Moody’s Ratings has published a report today on the impact of US tariffs on European insurers.
European insurers have shown resilience amid the latest round of US tariffs imposed by the new Trump Administration that have roiled global equity markets.
According to a briefing paper from Moody’s Ratings, the immediate financial impact on insurers’ solvency is measurable but still contained.
However, the agency cautions that prolonged economic disruption, especially if met with interest rate cuts or retaliatory action from the EU, could erode this relative stability.
Initial impact: solvency dips but buffers remain strong
The report makes clear that while equity market turbulence has dented insurers’ capital strength, their high starting point has absorbed much of the shock.
“Sweeping tariffs emanating from the US last week have unleashed steep declines in equity markets globally which have eroded the solvency of European insurers. To date, the impact remains moderate,” Moody’s states.
The average solvency ratio across major European insurers stood at a robust 220% at the end of 2024. Though this has declined in recent weeks, the fall is described as a “low to mid-single digits” drop, cushioned by earlier gains in the first quarter of 2025.
“European insurers’ solvency ratios are sensitive to financial market shocks, particularly to equity market fluctuations,” the agency notes, but reiterates that “we view the deterioration as moderate at this stage.”
Sensitivity to equity exposure varies significantly by market. UK insurers, for example, appear less exposed due to their lower allocation to equities or because much of their equity risk sits within with-profit funds that offer a buffer via policyholder capital.
The report also highlights discrepancies in disclosures, with companies such as Allianz and AXA publishing data that includes both public and private equity, while others focus only on listed equities.
The Moody’s analysis includes scenario modelling showing a 25% equity market fall could reduce solvency by 10 percentage points. Though this shock has not materialised in full, the recent market moves have served as a real-world stress test.
Broader risks from economic slowdown and policy response
While the direct impact from equity markets has so far been limited, the report delves into more diffuse channels through which tariffs could hurt insurers. These include widening credit spreads, weaker growth, shifting interest rate expectations and inflation in claims costs.
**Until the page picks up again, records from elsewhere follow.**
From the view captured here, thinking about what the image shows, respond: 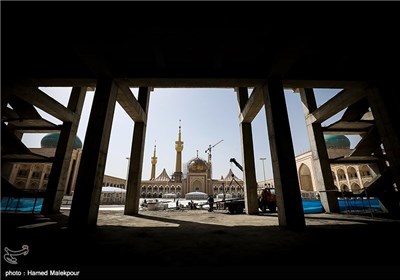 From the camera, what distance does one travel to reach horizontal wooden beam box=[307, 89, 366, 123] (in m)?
10.5

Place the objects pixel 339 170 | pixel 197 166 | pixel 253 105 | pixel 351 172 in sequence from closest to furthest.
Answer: pixel 253 105, pixel 351 172, pixel 339 170, pixel 197 166

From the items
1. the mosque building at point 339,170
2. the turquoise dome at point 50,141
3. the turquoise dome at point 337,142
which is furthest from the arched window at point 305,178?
the turquoise dome at point 50,141

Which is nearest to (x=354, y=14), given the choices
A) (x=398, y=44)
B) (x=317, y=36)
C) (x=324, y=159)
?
(x=317, y=36)

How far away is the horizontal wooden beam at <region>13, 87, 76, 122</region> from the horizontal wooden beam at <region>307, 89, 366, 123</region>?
1911cm

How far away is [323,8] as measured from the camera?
18.0 ft

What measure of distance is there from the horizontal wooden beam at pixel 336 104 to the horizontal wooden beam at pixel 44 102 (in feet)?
62.7

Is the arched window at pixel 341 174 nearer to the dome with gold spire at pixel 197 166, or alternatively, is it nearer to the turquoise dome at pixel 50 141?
the dome with gold spire at pixel 197 166

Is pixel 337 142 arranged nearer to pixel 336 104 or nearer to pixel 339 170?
pixel 339 170

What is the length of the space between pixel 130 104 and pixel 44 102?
5.63 meters

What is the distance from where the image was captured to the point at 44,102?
1118 cm

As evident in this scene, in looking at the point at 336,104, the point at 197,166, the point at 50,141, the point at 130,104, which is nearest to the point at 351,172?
the point at 336,104

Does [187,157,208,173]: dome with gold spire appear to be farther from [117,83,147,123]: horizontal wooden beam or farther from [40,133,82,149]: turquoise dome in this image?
[117,83,147,123]: horizontal wooden beam

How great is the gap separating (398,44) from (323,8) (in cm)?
465

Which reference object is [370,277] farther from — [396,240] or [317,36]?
[317,36] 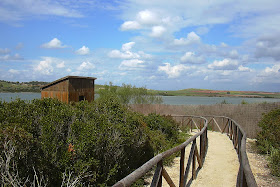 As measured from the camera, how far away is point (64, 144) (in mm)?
5129

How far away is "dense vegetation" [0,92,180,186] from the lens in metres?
4.37

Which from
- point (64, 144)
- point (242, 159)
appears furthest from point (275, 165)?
point (64, 144)

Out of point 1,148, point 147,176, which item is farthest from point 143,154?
point 1,148

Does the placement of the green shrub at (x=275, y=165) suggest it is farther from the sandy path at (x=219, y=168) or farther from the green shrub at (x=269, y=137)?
the green shrub at (x=269, y=137)

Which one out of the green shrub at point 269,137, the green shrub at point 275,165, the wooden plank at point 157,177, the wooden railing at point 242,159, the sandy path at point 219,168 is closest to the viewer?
the wooden railing at point 242,159

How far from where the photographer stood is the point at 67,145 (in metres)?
5.10

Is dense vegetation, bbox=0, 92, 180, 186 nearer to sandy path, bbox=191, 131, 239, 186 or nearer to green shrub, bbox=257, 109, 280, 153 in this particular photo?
sandy path, bbox=191, 131, 239, 186

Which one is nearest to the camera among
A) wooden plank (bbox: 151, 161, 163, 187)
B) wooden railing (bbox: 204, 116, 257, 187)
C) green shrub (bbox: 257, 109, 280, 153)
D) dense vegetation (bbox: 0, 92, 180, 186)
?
wooden railing (bbox: 204, 116, 257, 187)

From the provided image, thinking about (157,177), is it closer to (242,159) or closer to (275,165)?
(242,159)

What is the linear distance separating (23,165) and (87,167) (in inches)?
42.6

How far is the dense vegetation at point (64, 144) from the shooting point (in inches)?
172

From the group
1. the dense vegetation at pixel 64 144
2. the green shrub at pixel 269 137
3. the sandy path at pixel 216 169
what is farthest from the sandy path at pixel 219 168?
the dense vegetation at pixel 64 144

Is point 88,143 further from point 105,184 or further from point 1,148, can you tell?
point 1,148

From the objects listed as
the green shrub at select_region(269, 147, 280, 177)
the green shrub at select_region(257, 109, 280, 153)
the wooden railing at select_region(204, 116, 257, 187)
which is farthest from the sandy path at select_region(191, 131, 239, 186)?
the green shrub at select_region(257, 109, 280, 153) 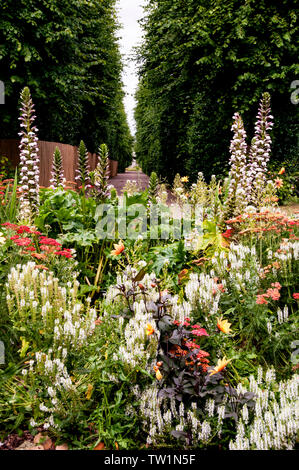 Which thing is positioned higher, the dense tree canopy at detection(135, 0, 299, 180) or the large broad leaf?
the dense tree canopy at detection(135, 0, 299, 180)

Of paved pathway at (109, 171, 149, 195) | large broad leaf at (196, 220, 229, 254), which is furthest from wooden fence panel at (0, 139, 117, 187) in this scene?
large broad leaf at (196, 220, 229, 254)

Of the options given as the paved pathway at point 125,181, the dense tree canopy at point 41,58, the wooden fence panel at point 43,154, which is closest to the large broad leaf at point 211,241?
the paved pathway at point 125,181

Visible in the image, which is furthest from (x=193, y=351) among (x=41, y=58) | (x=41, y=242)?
(x=41, y=58)

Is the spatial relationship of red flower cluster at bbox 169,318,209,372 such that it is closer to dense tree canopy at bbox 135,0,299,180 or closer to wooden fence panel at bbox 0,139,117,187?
dense tree canopy at bbox 135,0,299,180

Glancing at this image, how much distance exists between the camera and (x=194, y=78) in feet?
36.9

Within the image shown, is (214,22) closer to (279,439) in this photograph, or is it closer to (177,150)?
(177,150)

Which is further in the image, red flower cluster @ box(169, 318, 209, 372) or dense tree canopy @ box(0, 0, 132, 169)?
dense tree canopy @ box(0, 0, 132, 169)

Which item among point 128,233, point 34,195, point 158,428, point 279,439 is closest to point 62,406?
point 158,428

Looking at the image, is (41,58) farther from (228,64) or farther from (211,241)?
(211,241)

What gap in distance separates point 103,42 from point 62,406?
61.1 feet

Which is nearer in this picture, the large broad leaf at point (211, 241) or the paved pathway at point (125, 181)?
the large broad leaf at point (211, 241)

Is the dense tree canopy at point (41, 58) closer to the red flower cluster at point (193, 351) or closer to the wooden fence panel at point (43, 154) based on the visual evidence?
the wooden fence panel at point (43, 154)

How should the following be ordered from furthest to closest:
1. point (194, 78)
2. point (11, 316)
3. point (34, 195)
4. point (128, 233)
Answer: point (194, 78) < point (34, 195) < point (128, 233) < point (11, 316)

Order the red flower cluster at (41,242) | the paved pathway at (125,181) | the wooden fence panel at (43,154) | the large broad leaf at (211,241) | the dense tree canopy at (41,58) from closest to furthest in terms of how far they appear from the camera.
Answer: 1. the red flower cluster at (41,242)
2. the large broad leaf at (211,241)
3. the paved pathway at (125,181)
4. the dense tree canopy at (41,58)
5. the wooden fence panel at (43,154) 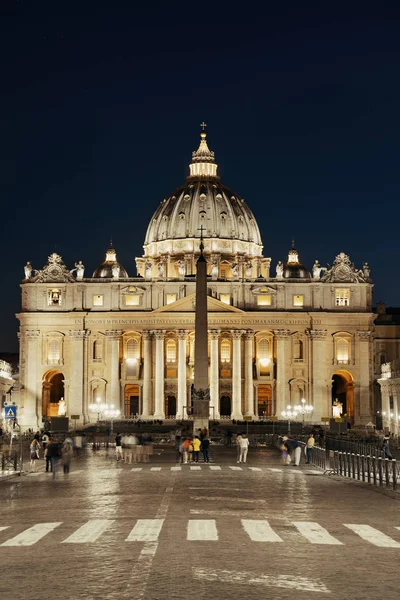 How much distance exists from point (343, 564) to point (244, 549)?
2.10 meters

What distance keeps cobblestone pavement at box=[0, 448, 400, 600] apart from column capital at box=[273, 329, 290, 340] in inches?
3740

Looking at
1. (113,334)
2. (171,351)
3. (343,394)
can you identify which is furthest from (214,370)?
(343,394)

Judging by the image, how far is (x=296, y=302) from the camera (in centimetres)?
13275

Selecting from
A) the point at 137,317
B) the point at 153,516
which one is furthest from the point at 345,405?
the point at 153,516

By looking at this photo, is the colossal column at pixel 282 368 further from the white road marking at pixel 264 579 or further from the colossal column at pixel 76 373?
the white road marking at pixel 264 579

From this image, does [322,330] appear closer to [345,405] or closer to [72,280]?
[345,405]

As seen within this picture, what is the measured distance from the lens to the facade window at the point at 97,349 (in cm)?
13150

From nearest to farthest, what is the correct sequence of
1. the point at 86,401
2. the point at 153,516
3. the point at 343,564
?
1. the point at 343,564
2. the point at 153,516
3. the point at 86,401

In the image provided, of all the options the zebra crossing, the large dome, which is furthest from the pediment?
the zebra crossing

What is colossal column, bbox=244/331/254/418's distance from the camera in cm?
13012

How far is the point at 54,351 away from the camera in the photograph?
132 m

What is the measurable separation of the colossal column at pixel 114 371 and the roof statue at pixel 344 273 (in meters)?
24.8

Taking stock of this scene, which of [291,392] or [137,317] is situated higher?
[137,317]

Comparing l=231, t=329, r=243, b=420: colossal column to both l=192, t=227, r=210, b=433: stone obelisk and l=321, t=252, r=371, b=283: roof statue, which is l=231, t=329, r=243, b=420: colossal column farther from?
l=192, t=227, r=210, b=433: stone obelisk
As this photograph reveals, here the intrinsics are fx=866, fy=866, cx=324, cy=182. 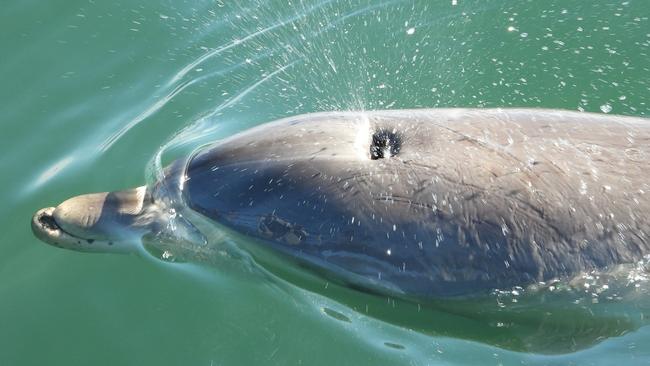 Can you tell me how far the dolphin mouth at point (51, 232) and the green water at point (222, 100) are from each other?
0.31 metres

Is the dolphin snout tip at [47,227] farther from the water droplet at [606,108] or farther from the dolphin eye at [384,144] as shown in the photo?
the water droplet at [606,108]

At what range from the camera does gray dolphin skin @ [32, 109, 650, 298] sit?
4.00m

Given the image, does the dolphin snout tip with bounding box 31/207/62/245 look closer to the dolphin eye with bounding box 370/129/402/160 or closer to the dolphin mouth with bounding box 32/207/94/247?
the dolphin mouth with bounding box 32/207/94/247

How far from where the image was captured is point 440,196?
4.03 meters

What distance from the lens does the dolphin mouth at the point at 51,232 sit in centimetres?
479

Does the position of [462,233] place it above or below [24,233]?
above

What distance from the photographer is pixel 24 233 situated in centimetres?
561

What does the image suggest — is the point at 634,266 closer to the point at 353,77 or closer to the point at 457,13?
the point at 353,77

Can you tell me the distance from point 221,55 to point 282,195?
11.1ft

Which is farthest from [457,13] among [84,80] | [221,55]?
[84,80]

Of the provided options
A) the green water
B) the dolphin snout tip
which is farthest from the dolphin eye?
the dolphin snout tip

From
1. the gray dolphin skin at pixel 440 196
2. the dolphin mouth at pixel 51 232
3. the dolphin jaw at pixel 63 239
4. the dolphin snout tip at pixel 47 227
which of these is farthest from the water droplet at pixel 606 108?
the dolphin snout tip at pixel 47 227

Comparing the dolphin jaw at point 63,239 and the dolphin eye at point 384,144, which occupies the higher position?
the dolphin eye at point 384,144

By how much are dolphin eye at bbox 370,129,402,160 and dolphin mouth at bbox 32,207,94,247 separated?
5.48 ft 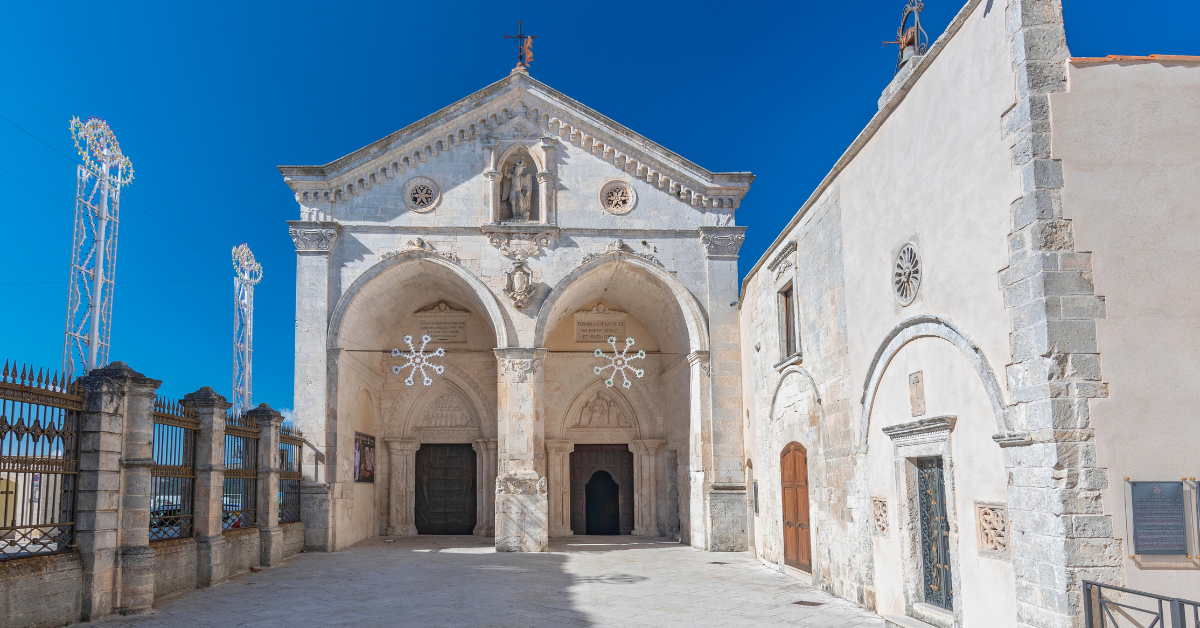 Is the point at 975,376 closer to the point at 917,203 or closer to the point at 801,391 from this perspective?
the point at 917,203

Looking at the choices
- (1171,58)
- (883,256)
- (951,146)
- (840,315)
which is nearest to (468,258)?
(840,315)

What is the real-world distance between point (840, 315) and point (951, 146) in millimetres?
3431

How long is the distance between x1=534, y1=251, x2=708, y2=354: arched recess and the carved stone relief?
10.8 metres

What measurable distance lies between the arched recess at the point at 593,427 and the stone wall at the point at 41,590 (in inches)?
510

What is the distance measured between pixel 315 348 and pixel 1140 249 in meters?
14.6

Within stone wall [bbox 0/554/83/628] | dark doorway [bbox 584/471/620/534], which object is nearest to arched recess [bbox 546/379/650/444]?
dark doorway [bbox 584/471/620/534]

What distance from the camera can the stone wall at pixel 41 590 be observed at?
7.67m

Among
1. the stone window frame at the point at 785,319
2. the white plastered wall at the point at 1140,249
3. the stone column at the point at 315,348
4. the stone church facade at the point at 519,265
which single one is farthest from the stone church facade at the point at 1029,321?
the stone column at the point at 315,348

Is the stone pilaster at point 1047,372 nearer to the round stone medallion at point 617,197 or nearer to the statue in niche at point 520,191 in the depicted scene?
the round stone medallion at point 617,197

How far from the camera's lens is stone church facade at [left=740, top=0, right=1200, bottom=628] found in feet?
18.9

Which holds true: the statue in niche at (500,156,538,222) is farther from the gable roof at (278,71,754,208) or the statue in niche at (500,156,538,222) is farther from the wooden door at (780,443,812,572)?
the wooden door at (780,443,812,572)

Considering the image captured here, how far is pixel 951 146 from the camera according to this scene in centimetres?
726

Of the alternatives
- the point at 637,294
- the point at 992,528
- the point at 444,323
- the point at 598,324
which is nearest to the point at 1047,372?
the point at 992,528

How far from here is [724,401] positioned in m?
17.3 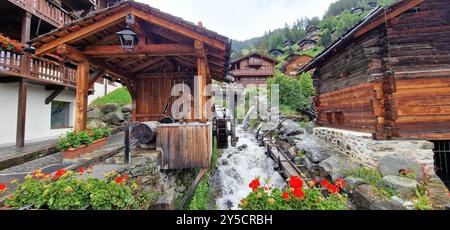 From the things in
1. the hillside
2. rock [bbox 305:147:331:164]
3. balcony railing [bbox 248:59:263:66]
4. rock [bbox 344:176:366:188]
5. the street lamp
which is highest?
the hillside

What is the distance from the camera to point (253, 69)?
30.9 metres

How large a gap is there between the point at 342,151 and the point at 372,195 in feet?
11.2

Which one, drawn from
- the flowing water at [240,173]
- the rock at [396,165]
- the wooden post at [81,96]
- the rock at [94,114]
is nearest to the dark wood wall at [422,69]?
the rock at [396,165]

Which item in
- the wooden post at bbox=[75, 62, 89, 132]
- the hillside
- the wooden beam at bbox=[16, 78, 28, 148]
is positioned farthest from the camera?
the hillside

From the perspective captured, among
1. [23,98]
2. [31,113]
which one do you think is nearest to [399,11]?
[23,98]

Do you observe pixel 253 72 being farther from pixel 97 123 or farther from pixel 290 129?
pixel 97 123

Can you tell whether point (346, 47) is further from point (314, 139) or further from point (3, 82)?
point (3, 82)

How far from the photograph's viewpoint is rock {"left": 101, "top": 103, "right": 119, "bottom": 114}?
1400 cm

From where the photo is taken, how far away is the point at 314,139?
31.2ft

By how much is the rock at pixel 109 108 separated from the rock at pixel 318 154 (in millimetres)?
14644

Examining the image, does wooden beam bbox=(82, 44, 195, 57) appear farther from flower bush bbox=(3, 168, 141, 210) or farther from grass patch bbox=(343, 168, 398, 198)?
grass patch bbox=(343, 168, 398, 198)

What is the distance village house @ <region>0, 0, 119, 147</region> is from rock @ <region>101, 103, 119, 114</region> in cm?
318

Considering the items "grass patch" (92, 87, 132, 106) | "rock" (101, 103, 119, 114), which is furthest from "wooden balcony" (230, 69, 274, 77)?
"rock" (101, 103, 119, 114)

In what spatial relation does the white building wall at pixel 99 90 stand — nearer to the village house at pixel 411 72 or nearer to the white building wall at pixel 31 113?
the white building wall at pixel 31 113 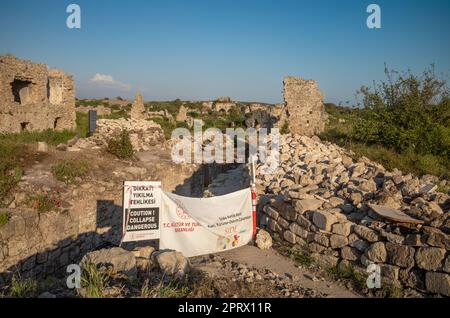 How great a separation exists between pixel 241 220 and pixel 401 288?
2.81m

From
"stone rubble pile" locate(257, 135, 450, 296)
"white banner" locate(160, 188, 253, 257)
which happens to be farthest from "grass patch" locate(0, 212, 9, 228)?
"stone rubble pile" locate(257, 135, 450, 296)

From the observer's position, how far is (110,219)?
8.50 m

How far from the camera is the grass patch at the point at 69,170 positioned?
818cm

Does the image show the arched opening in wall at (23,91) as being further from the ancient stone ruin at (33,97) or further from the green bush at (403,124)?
the green bush at (403,124)

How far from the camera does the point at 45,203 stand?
22.6 ft

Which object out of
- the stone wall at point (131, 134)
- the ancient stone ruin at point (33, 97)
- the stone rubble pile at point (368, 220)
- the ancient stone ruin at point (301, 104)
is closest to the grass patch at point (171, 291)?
the stone rubble pile at point (368, 220)

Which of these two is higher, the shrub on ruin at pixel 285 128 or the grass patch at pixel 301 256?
the shrub on ruin at pixel 285 128

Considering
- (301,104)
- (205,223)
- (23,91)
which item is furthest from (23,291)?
(23,91)

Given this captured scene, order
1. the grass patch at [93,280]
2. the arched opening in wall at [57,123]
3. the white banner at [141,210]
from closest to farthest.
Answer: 1. the grass patch at [93,280]
2. the white banner at [141,210]
3. the arched opening in wall at [57,123]

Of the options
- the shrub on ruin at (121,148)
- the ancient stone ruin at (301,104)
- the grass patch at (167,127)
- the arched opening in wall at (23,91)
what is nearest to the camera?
the shrub on ruin at (121,148) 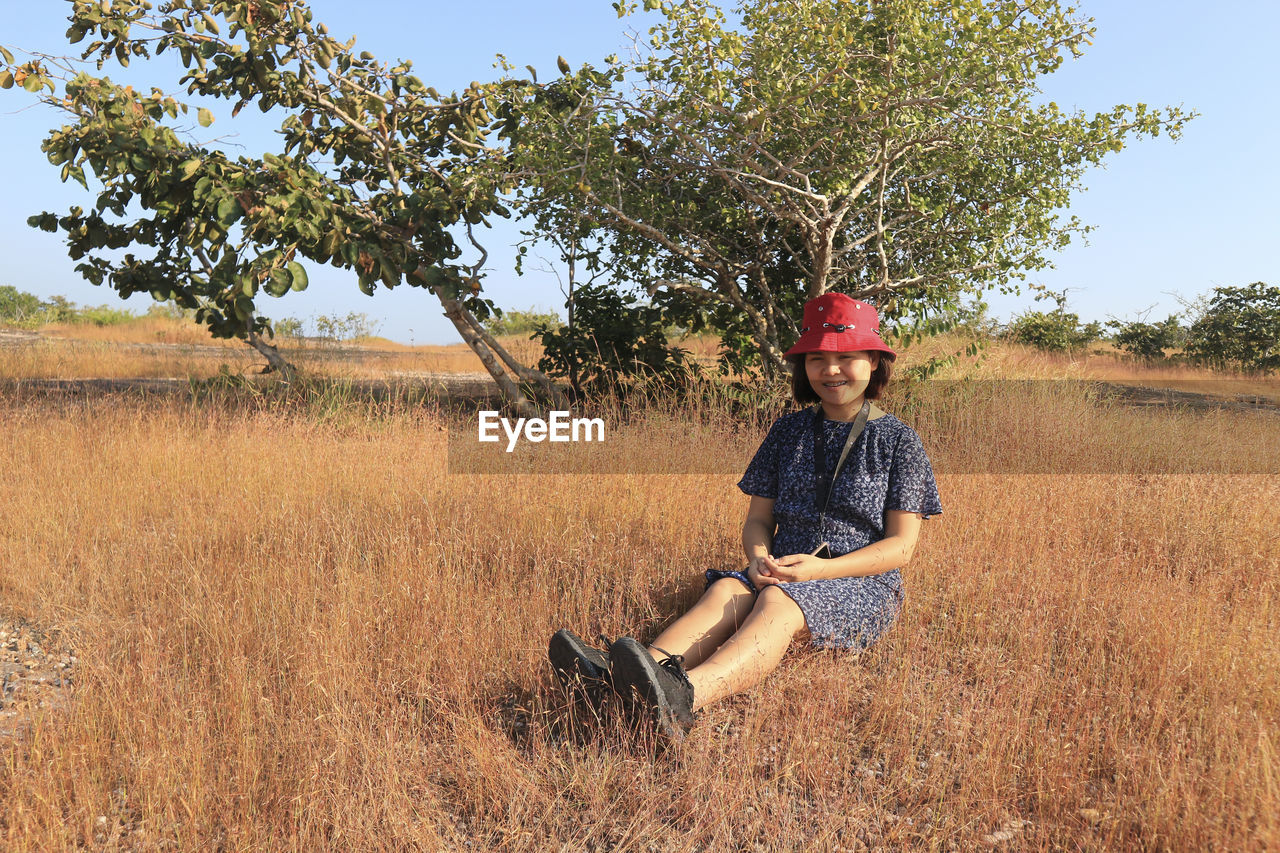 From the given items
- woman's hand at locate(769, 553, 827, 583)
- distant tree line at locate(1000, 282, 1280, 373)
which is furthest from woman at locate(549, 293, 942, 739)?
distant tree line at locate(1000, 282, 1280, 373)

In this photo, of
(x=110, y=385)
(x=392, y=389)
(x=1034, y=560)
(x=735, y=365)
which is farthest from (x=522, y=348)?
(x=1034, y=560)

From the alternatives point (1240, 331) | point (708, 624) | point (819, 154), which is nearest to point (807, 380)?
point (708, 624)

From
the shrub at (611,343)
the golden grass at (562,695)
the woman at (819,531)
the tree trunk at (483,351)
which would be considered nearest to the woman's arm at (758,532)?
the woman at (819,531)

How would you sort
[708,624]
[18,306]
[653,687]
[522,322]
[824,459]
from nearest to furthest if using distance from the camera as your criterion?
[653,687]
[708,624]
[824,459]
[522,322]
[18,306]

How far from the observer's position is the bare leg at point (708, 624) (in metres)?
2.93

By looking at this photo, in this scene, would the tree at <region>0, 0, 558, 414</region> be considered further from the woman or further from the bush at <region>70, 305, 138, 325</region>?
the bush at <region>70, 305, 138, 325</region>

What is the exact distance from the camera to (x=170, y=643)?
136 inches

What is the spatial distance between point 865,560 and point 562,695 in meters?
1.15

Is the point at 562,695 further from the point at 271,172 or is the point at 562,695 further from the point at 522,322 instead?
the point at 522,322

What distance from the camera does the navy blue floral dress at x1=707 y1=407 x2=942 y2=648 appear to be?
3.15 metres

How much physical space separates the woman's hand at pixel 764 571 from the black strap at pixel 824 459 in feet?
0.98

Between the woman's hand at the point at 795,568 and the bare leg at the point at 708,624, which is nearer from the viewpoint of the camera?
the bare leg at the point at 708,624

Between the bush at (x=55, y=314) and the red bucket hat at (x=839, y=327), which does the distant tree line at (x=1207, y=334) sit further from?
the bush at (x=55, y=314)

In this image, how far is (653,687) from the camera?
2.56 meters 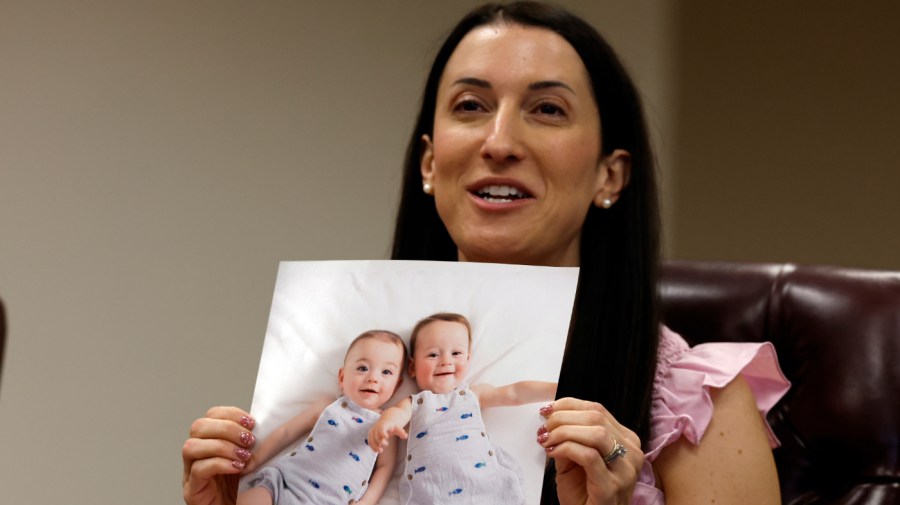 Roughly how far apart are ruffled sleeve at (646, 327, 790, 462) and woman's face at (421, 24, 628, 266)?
19 cm

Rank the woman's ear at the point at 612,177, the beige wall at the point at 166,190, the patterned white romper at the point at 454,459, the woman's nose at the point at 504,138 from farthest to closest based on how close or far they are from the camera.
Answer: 1. the beige wall at the point at 166,190
2. the woman's ear at the point at 612,177
3. the woman's nose at the point at 504,138
4. the patterned white romper at the point at 454,459

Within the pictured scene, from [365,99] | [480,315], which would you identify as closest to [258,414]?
[480,315]

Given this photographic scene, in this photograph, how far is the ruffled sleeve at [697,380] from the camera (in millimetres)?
1210

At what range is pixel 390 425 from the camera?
3.07 feet

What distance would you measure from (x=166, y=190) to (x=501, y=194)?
995 mm

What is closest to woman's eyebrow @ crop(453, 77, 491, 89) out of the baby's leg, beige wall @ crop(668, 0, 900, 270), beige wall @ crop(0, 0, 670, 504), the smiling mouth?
the smiling mouth

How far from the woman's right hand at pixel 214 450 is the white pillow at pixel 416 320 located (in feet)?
0.06

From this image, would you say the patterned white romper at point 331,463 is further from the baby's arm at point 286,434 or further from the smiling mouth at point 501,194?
the smiling mouth at point 501,194

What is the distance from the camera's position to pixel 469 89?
4.13ft

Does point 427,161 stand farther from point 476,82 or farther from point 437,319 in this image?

On credit markets, the paper finds that “year-to-date, European government bond spreads have not moved materially,” but warns that “only high yield corporate bond spreads have increased significantly.”
Spreads rose by 73 basis points in early April alone. That said, European insurers primarily invest in investment-grade corporate bonds, reducing their exposure to widening high-yield risk.
The more material concern, according to Moody’s, is a potential slowdown in European trade.
“The US import tariffs, if enforced for a prolonged period, will likely significantly reduce global trade volumes,” the report states.
This matters especially for Europe’s open economies, which are already forecast to grow just 1% in 2025.
One immediate casualty could be trade credit insurance, which is closely tied to the health of cross-border commerce.
“A drop in trade volumes in Europe would primarily affect trade credit insurers, which would face lower revenues and higher claims if corporate default rates were to increase.”
Property and casualty insurers are also vulnerable, albeit less directly, due to their links to GDP growth and employment.
“Lower GDP and higher unemployment are negative for life insurers because they reduce demand for discretionary life products,” the report adds.
Another knock-on effect could come from monetary policy. Should central banks respond to economic weakness with lower rates, this could weigh on insurers’ solvency ratios.
“A scenario in which interest rates decrease to counteract the dampening effect of the tariffs on growth would be negative for insurers’ solvency.”
However, Moody’s distinguishes between short-term and long-term rates, noting that “cuts in short-term rates have a lesser impact than a decline in long-term interest rates, given the long-term nature of insurers’ liabilities.”
Inflation, retaliation and the path ahead
Moody’s also identifies inflation in claims as a persistent issue, particularly in P&C lines.
The report emphasises that “P&C claims inflation does not fully correlate with the rate of general economic inflation,” and that in Europe it has “been significantly above general inflation.” Insurers have responded by pushing through higher premiums, a trend Moody’s expects to continue.
Finally, the briefing touches on geopolitical dynamics, highlighting that the EU is exploring both negotiation and retaliation in response to US actions. “The EU has said it will attempt to negotiate over the coming weeks but will also be prepared to retaliate against US services imports, including digital services.” The outcomes of such decisions could reshape the macroeconomic and regulatory backdrop, with implications for the insurance sector beyond current solvency metrics.
The message from Moody’s is clear: European insurers have not been spared the fallout from US tariffs, but they are not yet in trouble. Capital buffers, diversification and cautious investment strategies have softened the blow. However, if tariffs drag on growth, provoke monetary easing or trigger further policy escalation, these initial cracks could widen.
The current moment may not constitute a full-blown stress event, but it offers a preview of vulnerabilities that would be amplified in a deeper or more prolonged downturn. In that context, Moody’s note serves not just as a solvency snapshot, but as a warning that the greatest risks may still lie ahead.